Socket.IO Fix Implementation Guide

Target Issue: Socket.IO 400 errors from external requests (internal requests work)

Risk Level: MEDIUM (requires GKE load balancer reconfiguration)

Downtime: None expected (rolling changes)

Rollback Time: 2-5 minutes

Pre-Implementation Checklist

Diagnostics completed (run socketio-diagnostics.sh)
Current configuration backed up
kubectl access verified: kubectl get pods -n coditect-app
gcloud CLI authenticated: gcloud auth list
Maintenance window scheduled (optional, changes are non-disruptive)
Rollback procedure reviewed

Fix Priority Matrix

Based on diagnostic results, apply fixes in this order:

Priority	Fix	Probability of Success	Risk	Time
P0	Add WebSocket annotation to Ingress	85%	LOW	5 min
P0	Create health check endpoint	70%	LOW	5 min
P1	Configure session affinity in BackendConfig	60%	LOW	10 min
P1	Update timeout settings	30%	LOW	10 min
P2	Reduce connection draining	20%	MEDIUM	10 min

FIX #1: Add WebSocket Support to GKE Ingress [P0]

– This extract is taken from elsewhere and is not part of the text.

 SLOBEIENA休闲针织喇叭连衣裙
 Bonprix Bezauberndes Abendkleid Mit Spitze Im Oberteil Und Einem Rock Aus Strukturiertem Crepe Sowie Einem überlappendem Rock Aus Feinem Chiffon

Problem: GKE L7 load balancer doesn't forward WebSocket Upgrade headers by default

Symptoms:

400 errors on Socket.IO connections
Works internally but fails externally
Headers missing in nginx logs

Solution: Add WebSocket idle timeout annotation to Ingress

Implementation

# 1. Verify current annotations
kubectl get ingress -n coditect-app coditect-production-ingress \
  -o jsonpath='{.metadata.annotations}' | jq .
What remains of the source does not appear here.